Business of Supply March 10th, 2011

Mr. Speaker, concerned about the astonishing number of 80,000 seniors living under the poverty line in Quebec, the Canadian Labour Congress and the Quebec Federation of Labour—the FTQ—have launched their worry-free retirement campaign, aimed at providing a secure retirement for everyone. The elderly are in a vulnerable position and are too often left to their fate. The government should take some real measures to help them.

The government should make it a priority to help the elderly, increase old age security and guaranteed income supplement benefits, and provide better protection for pensioners in order to improve the conditions in which seniors live.

The hon. member who spoke before me delivered a fine speech. She spoke about several classes in society, but she forgot the elderly. They were our builders, our pioneers. On the north shore, whether in Sept-Îles, Baie-Comeau, Havre-Saint-Pierre or communities all over the lower north shore, government assistance is needed to increase old age security and the guaranteed income supplement.
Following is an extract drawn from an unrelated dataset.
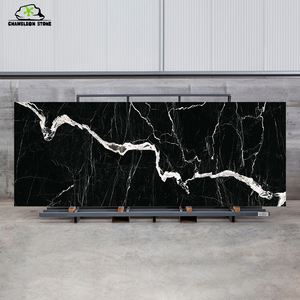 Encimera de Piedra Sinterizada de Cuerpo Completo Chameleon ARARAT LIGHTNING BLACK de 12 mm, Garantía de 5 Años, Diseño Moderno y Lujoso, Resistente a la Abrasión - Product Image 1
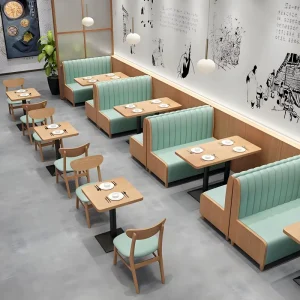 Top Selling Modern Dining Furniture Household Hotel Card Table and Chair Set for Commercial Restaurant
Department of Public Works and Government Services Act December 14th, 2010

moved that the bill be concurred in.

High Tides in Eastern Quebec December 10th, 2010

Mr. Speaker, during the 2007 floods in Rivière-au-Renard in the Gaspé, Canada Economic Development for Quebec Regions committed to helping affected merchants who were not fully covered by Quebec insurance companies and emergency programs.

Does the government plan to take its cue from this precedent and help businesspeople, merchants and NPOs that were victims of the high tides in eastern Quebec?

The Environment December 9th, 2010

Mr. Speaker, in 1997, the federal government abolished the St. Lawrence shoreline protection program. The considerable damage that has been caused in the lower St. Lawrence, Gaspé and north shore regions is proof that a fund is needed to deal with the impact of climate change.

Will the government create such a fund?